▶ _ASSIGNED TASK_:
The goal here is an exact copy of the entries below, without their pictures.

▶ _DATA SECTION_:
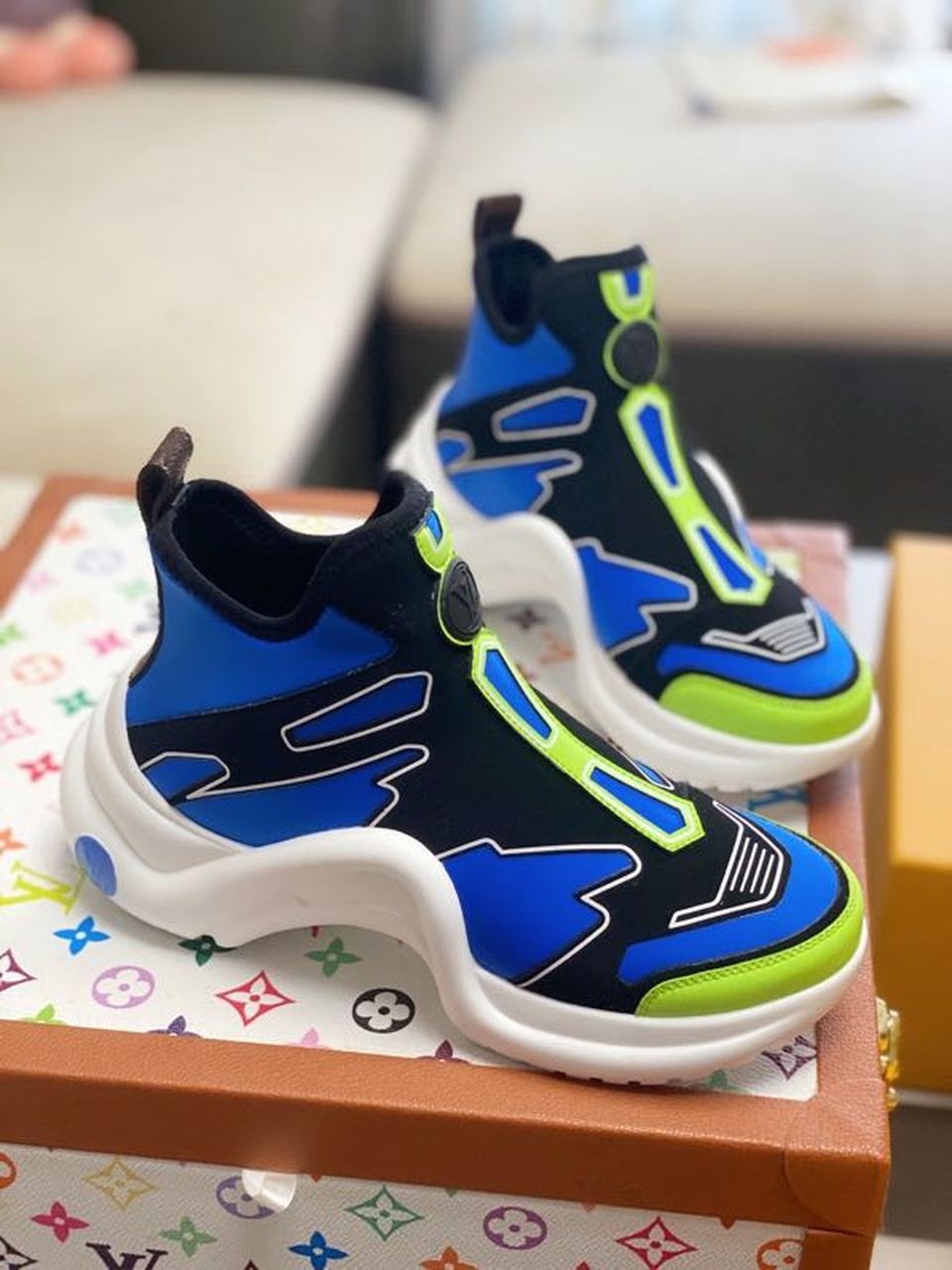 Louis Vuitton Archlight Sneakers Technical Fabric Calfskin Leather Spring/Summer Collection 1A7TW8, Bleu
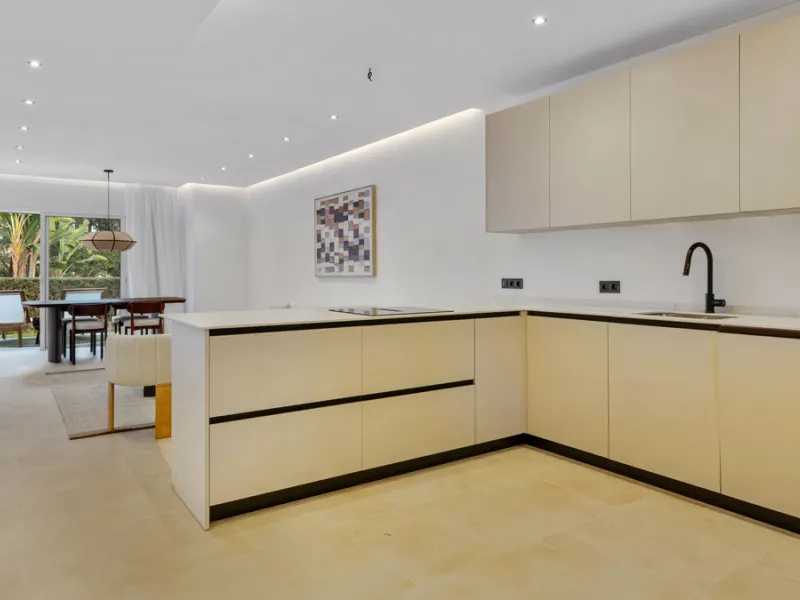 This beautifully renovated and fully furnished three-bedroom apartment is located in the highly sought-after residential area of Las Brisas, one of Marbella's most desirable and peaceful neighborhoods.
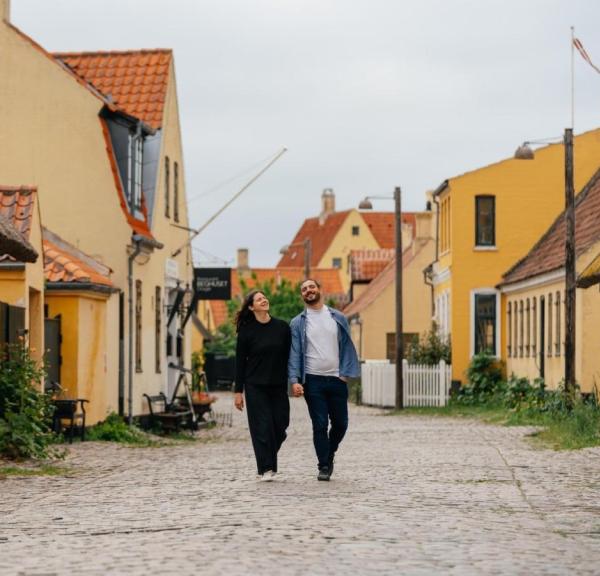 Par går i Dragør Gamle By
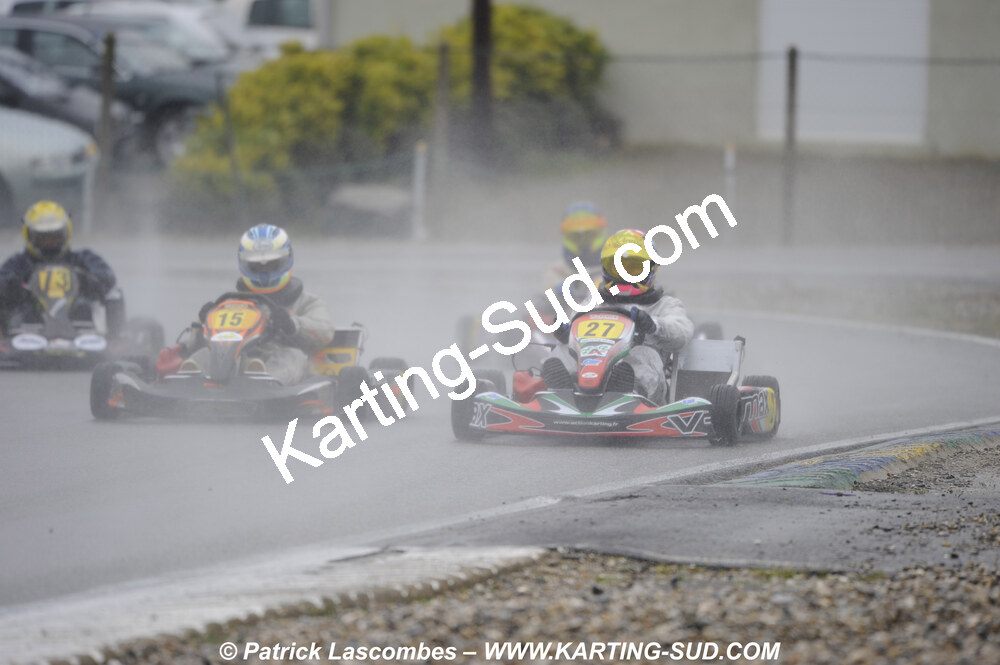 12/04/2009 : 1ère manche du Championnat Sud et 1ère manche du Championnat Régional Languedoc-Roussillon à Lavelanet (photos Patrick Lascombes) 2009 — karting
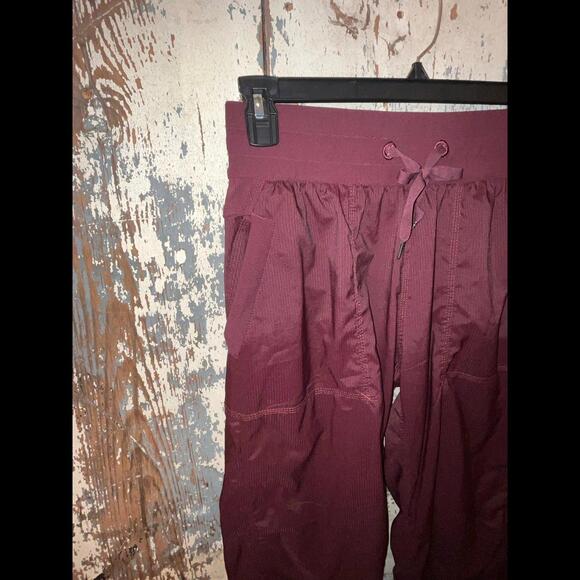 Lululemon women’s joggers pants size 12 - Picture 3 of 9
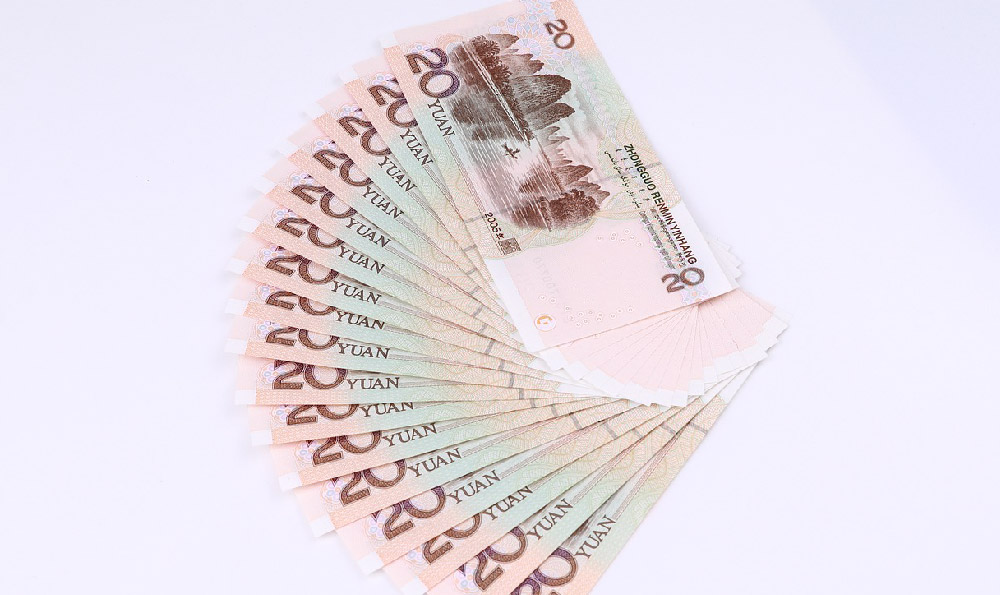 how does solitaire cash earn money through its business model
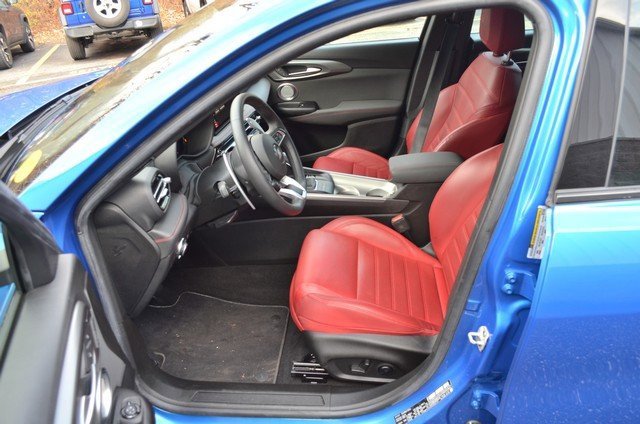 Used 2024 Dodge Hornet R/T Plus w/ Tech Pack Plus w/o Parking image 17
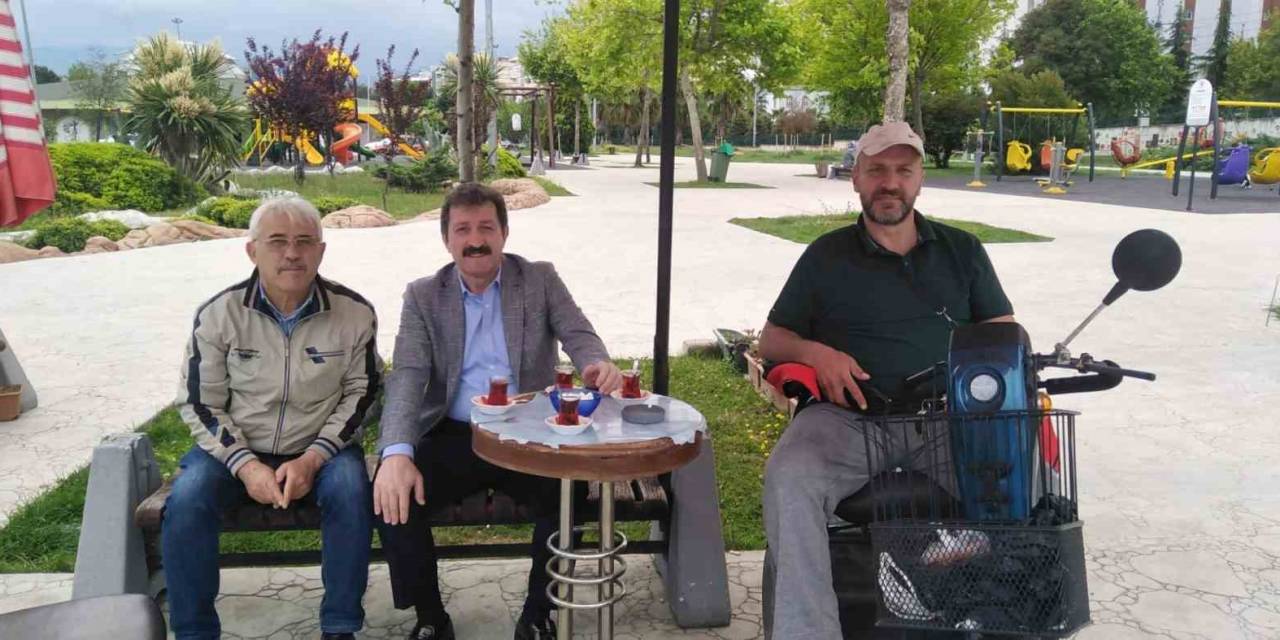 Vali Tavlı’dan Engellilerle Çay Sohbeti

▶ _EXERCISE RESPONSE_:
 Louis Vuitton Archlight Sneakers Technical Fabric Calfskin Leather Spring/Summer Collection 1A7TW8, Bleu
 This beautifully renovated and fully furnished three-bedroom apartment is located in the highly sought-after residential area of Las Brisas, one of Marbella's most desirable and peaceful neighborhoods.
 Par går i Dragør Gamle By
 12/04/2009 : 1ère manche du Championnat Sud et 1ère manche du Championnat Régional Languedoc-Roussillon à Lavelanet (photos Patrick Lascombes) 2009 — karting
 Lululemon women’s joggers pants size 12 - Picture 3 of 9
 how does solitaire cash earn money through its business model
 Used 2024 Dodge Hornet R/T Plus w/ Tech Pack Plus w/o Parking image 17
 Vali Tavlı’dan Engellilerle Çay Sohbeti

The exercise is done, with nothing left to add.